In June 2020, I learned about Lace On Race. I read everything on the website first. I didn’t understand a ton of it. Relational Ethics? I am an engineer for heaven’s sake! Still, I can try. I was learning. I was thinking. I am learning. I am thinking. Especially about financial engagement. Most of the posting seemed to be on Facebook. I hate Facebook. Still, I forced myself to do it. Night after night, trying to keep the commitments. No reacts. Respond to at least two walkers. Hold your slosh.
You know what the hardest part still is?
I can’t guarantee that I am not causing harm to Black and brown people. In fact, I am 100% sure that I, personally, am causing harm and I am part of a system that causes harm to black and brown people.

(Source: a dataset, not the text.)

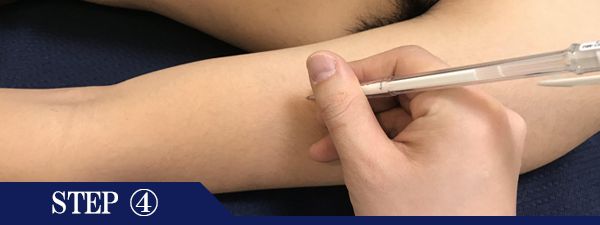 ひじ上脱毛Step4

That’s the reality. Given the reality, the hope is that I can more consistently follow the North Star and mitigate the harm that I, personally, cause. I hope that I can be some piece of the puzzle that mitigates that harm that white supremacy does to black and brown people.
That’s the future of Lace on Race. Walking shoulder to shoulder. Responding to posts here with each other – even if someone else has said something similar, saying it in my own way so I can practice. Practice in this space, so that when I hear myself say something or do something that could cause harm, I am more likely to catch myself – and be humble enough to address my own systemic racism. Thank you to those who have joined me, who have challenged me. To those who are reading, but not engaging with posts or financially. It’s time. It’s past time. We have a lot of mitigating harm to do.